Noum om Beng le atendía con una mirada extraña. Tenía el rostro rígido, y los ojos rojos le brillaban. La respiración áspera del anciano Hombre de Casco aumentó hasta parecerse al jadeo de una bestia al acecho.

— Creo que el Sueñasueños era un ser humano. Que fue enviado para que viviera con nosotros y nos protegiera durante todo el Largo Invierno. Y cuando el Invierno terminó y su tarea concluyó fue llamado por su gente — concluyó Hresh.

— Sí — reconoció Noum om Beng. Temblaba como la cuerda de un arco —. Así debe haber sido. ¿Cómo no me di cuenta? Niño: te diré una cosa. En nuestro capullo también teníamos un Sueñasueños. No sabíamos quién era, pero había uno, igual que en vuestro capullo. Y también teníamos lo que tú llamas Barak Dayir. Está registrado en nuestras crónicas. Pero nuestro Sueñasueños despertó antes de tiempo, cuando los hielos aún aprisionaban el mundo. Nos hizo salir y perecimos, y los hjjks capturaron nuestra Piedra de los Prodigios. Nakhaba nos ha guiado bien y a pesar de las pérdidas pudimos adquirir grandeza. Y aún nos queda mucho por conseguir. Todo el mundo será beng, niño. No me cabe duda. Y nuestra tarea ha sido mucho más dura, pues no contábamos con el Barak Dayir en los últimos años. En cambio, vosotros… tú, niño… en posesión de ese objeto mágico…
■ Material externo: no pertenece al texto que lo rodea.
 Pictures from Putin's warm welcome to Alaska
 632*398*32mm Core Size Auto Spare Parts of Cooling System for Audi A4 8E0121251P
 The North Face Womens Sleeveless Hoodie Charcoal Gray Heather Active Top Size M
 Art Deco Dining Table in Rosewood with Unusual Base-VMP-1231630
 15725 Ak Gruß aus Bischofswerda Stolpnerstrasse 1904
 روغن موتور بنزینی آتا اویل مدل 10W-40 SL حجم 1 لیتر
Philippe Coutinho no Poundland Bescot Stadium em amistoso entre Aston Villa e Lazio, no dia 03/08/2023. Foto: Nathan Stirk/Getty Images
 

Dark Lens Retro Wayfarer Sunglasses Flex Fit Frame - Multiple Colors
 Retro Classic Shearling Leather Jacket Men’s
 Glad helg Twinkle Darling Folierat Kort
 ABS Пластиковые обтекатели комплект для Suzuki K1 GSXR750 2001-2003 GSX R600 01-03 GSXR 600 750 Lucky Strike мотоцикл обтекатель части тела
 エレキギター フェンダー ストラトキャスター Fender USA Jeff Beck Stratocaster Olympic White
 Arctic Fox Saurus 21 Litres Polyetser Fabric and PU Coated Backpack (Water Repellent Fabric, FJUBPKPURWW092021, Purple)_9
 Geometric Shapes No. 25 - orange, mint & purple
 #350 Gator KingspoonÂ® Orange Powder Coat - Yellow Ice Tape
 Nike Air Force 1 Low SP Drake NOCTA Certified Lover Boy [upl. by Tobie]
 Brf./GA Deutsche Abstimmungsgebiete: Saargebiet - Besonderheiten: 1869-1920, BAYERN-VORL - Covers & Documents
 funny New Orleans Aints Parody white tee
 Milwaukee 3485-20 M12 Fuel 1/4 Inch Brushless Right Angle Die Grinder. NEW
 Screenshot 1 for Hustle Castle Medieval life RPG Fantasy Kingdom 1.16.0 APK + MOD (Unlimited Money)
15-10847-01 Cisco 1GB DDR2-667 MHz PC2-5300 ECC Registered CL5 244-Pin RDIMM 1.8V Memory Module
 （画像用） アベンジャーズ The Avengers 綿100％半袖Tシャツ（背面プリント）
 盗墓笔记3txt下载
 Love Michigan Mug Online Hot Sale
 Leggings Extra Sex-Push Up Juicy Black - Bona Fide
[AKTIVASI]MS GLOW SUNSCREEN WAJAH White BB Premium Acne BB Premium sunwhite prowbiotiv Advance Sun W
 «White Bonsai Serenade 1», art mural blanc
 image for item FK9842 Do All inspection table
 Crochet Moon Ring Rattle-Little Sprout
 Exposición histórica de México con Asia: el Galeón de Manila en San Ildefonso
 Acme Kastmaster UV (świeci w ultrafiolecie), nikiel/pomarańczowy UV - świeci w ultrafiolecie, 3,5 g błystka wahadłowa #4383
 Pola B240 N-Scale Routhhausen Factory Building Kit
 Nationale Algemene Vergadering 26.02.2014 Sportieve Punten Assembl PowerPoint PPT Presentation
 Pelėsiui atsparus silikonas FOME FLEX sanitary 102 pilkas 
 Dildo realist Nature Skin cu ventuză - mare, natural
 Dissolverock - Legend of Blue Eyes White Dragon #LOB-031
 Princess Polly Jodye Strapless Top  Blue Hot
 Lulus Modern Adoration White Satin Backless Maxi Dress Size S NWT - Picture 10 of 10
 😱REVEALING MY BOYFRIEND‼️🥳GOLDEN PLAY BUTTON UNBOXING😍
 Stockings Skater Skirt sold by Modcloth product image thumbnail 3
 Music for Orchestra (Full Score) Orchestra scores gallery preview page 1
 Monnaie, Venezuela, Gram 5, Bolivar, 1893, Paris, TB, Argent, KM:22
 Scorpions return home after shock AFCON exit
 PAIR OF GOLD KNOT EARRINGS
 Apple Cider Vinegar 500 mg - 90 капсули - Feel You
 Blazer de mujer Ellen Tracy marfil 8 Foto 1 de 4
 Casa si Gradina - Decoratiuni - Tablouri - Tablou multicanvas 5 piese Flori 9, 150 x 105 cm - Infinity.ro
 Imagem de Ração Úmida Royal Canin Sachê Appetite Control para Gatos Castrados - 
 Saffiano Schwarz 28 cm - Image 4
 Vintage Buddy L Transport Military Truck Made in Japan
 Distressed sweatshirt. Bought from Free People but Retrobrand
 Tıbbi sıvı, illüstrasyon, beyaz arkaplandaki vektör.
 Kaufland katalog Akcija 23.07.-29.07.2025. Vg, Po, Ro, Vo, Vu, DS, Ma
La voz de Noum om Beng se apagó; los ojos miraban al suelo.

— ¿Sí? ¿Sí? ¿Cuál es el destino de mi pueblo?

— ¿Quién sabe? — dijo el anciano Hombre de Casco, con inesperado cansancio —. Yo lo ignoro. Incluso Nakhaba lo desconoce. ¿Quién puede leer el libro del destino? Yo veo el nuestro. El vuestro no se me presenta claro. — Sacudió la cabeza —. Jamás pensé que nuestro Sueñasueños pudiese ser un hombre. Y sin embargo, ahora veo que tu apreciación posee mucha fuerza. Que tu razonamiento tiene mucha lógica. Tiene que ser eso…

— Sé que estoy en lo cierto.

— ¿Cómo puedes estar tan seguro?.

— Por una visión que tuve, mediante una máquina que encontré en Vengiboneeza y que me reveló el Gran Mundo. Me mostró a los ojos-de-zafiro y a los vegetales, y a las demás razas. Y me mostró también a los seres humanos, caminando por estas mismas calles. Y eran iguales a nuestros Ryyig Sueñasueños…

— En ese caso, ahora comprendo muchas cosas que antes me resultaban confusas — dijo Noum om Beng.